By Timothy S. Donahue
Top Takeaways:
- Vietnam will introduce a fixed per-pack cigarette excise tax beginning in 2027, rising to 10,000 dong per pack by 2031.
- The new system retains the 75% ad valorem tax and adds a second, absolute component starting at 2,000 dong per pack.
- Health officials say Vietnam’s tax burden is 36.8% of the retail price, below WHO recommendations, and are proposing additional tobacco-control measures.
Vietnam will introduce a fixed (absolute) excise tax on cigarettes starting in 2027, adding a per-pack levy on top of its existing ad valorem tobacco tax as Hanoi steps up efforts to curb smoking, according to state media and health ministry-linked reporting.
Under amendments to Vietnam’s Special Consumption Tax law, cigarettes will be subject to a mixed tax regime beginning Jan. 1, 2027, combining the current 75% ad valorem excise rate with a fixed levy starting at 2,000 dong (US$0.07) per pack.

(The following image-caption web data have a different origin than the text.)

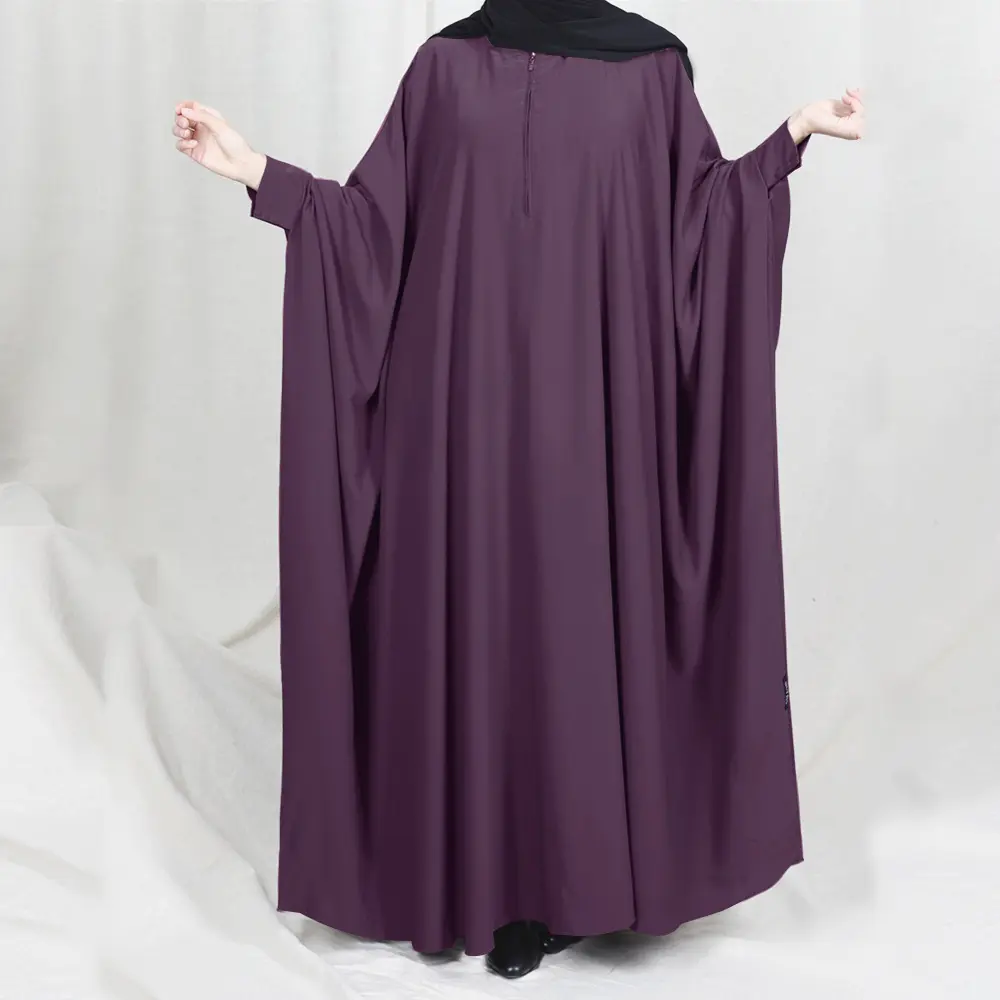 Wholesale New 15 Colors 2 Pieces Set Of Women Prayer Khimar Nida Jilbab Abaya Muslim Dress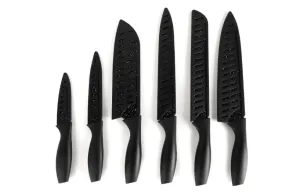 CASA LITUS Cuchillos de Cocina con Funda (6 Piezas), Fabricados en Acero Inoxidable. Incluyen: Cuchillo Cocinero, Cuchillo para Pan, Santoku, Cuchillo para Picar, Cuchillo Multiusos y Cuchillo Pelador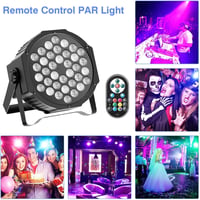 GdjRttk 8db RGB LED Par Spotlight 72W DMX távirányítóval diszkóhoz 6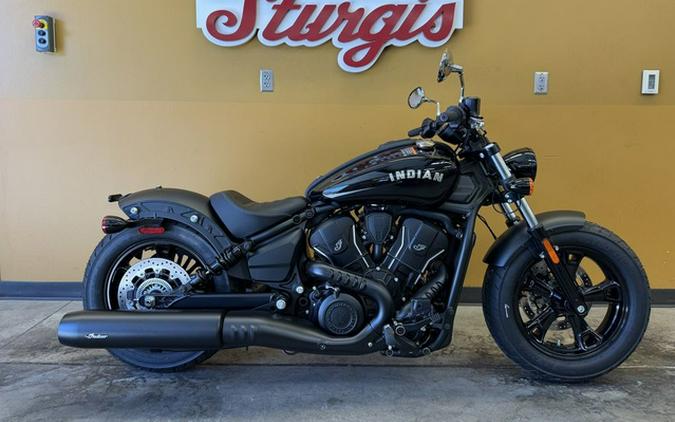 2025 Indian Scout Sixty Bobber Black Metallic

The per-pack component will then rise annually to 10,000 dong per pack by 2031.
Vietnamese health officials have argued that past increases did not materially reduce smoking because excise levels remained low relative to income growth and retail price increases were modest.

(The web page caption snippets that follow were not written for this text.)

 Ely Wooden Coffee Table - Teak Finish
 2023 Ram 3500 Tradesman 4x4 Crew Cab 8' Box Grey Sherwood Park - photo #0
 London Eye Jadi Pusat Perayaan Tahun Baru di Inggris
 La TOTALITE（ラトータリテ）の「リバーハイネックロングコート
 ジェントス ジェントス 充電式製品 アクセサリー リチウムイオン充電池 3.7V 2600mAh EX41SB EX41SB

“The tax on tobacco for the 2012-2025 period is very low and had no impact on reducing consumption, while Vietnam’s per capita income has steadily increased every year,” Phan Thi Hai, deputy director of the Tobacco Harm Prevention Fund, was quoted as saying by Suc Khoe Doi Song, the official newspaper of Vietnam’s health ministry.

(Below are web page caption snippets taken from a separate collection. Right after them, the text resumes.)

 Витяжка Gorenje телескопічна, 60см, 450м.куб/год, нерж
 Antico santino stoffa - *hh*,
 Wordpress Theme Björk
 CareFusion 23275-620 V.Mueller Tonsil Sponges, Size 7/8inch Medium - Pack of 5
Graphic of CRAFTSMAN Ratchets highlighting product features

Vietnam has raised tobacco taxes twice since 2013, but officials said the increases had limited impact on smoking. The health ministry reported that Vietnam’s total tobacco tax burden is only 36.8% of retail prices, below the 70–75% recommended by the World Health Organization (WHO) and lower than some neighboring ASEAN countries cited by the ministry, including Thailand (78.6%) and Singapore (67.1%).
The tax change comes as Vietnam reviews additional tobacco control measures. On Jan. 13, the health ministry proposed amendments to the tobacco harm prevention law, including expanding smoke-free areas, tightening retail restrictions, increasing health warnings to cover 85% of cigarette packs, and strengthening advertising and marketing restrictions to limit youth access.
Vietnam’s health ministry estimates that smoking causes around 100,000 deaths annually, directly or indirectly, and reported that Vietnam had more than 15 million smokers in 2024, placing it among the world’s largest tobacco-consuming countries.